とても思いやりがあり、人の苦しみに限りなく共感することのできる実にしなやかな心に恵まれていたのである。だから彼の持つそれ以外の性質は、全てこの「全世界への憐れみの心」の前に屈してしまうのだった。
ミーハはかっとなった。彼は不公正に対して激しく反応した。生理的なまでに。こめかみがズキズキと鳴り、ひとりでに両の手がこぶしを握っているのを彼は感じた。
「僕はあらゆる人々に対して、全てのことに申し訳なく思っている。」
「詩は死なないよ。詩には言葉がある、しかもそれはロシア語なんだ!僕は詩人だ、才能はないかもしれないが、でも詩人なんだ。僕はロシアなしではダメなんだ!」
<ミーハが書いた詩を1つ紹介>
いつか白昼の鮮やかな光のもとで
未来が私の信条を照らすだろう
私も人々の中にあり、あなた方を裏切りはしなかった
決して。友たちよ。私のために祈りを。
その他
〇アリストテレスが定義する友情
友情とは人間特有の事実であり、その説明と目的は、経験存在の枠を超えた先験的善や自然の法則に頼ることなく追求しなくてはならない。
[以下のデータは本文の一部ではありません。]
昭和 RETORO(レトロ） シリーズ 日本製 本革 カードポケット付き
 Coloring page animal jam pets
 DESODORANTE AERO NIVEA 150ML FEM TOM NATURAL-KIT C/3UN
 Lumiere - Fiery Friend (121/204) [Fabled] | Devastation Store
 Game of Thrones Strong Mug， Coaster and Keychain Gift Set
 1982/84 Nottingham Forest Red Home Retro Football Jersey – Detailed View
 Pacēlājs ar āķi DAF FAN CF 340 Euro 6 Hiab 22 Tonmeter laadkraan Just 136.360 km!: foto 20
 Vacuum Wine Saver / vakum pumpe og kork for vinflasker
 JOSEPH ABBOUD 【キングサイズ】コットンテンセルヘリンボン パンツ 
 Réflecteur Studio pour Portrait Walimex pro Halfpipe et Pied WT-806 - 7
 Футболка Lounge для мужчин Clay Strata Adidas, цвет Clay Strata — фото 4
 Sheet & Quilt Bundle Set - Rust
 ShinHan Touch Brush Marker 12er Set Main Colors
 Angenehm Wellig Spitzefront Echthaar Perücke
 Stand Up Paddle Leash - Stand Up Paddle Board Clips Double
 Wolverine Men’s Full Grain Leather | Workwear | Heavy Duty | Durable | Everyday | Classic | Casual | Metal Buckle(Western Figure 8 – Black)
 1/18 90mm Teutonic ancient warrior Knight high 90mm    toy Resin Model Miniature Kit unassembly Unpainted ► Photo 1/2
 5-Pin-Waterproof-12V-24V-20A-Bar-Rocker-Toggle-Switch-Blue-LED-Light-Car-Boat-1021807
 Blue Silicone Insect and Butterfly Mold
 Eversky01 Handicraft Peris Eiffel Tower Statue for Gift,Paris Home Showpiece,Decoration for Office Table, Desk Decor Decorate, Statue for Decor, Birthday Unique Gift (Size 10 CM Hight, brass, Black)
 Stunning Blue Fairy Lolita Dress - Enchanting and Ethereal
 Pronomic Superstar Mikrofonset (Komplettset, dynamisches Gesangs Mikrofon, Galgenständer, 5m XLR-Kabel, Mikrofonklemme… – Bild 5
すなわち、友情というのは自然に規定されたものではなく、何の目的もなく、その本質とは、自らの経験や思想、感情を分かち合うべく親しい魂を探し求めることにこそあり、そしてついには「自らの分身のために命を投げ出す」までに至るのだ。
〇幸せをかみしめる場面
本やレコードに埋め尽くされた自分たちのささやかなアパートの夜の沈黙の中で、温もりの中で、満ち足りた中で、2人きりで過ごすことは、彼らにとって幸福以外の何物でもなかった。
〇ソ連の"変な感じ"を説明する場面
「ソ連の、というか、ロシアの社会構造っていうのは本当に驚かされるよね。どこで密告されて、どこから救いの手が差し伸べられるのか全くわからないし、一瞬のうちに役割が入れ替わるんだ。」
〇本書を読んだことで、読みたく(&飲みたく)なったもの
ウリツカヤの「ソーネチカ」
トルストイ「戦争と平和」
パステルナークの詩
ブロツキーの詩
ジョージアのワイン
以上です。
是非ご一読ください!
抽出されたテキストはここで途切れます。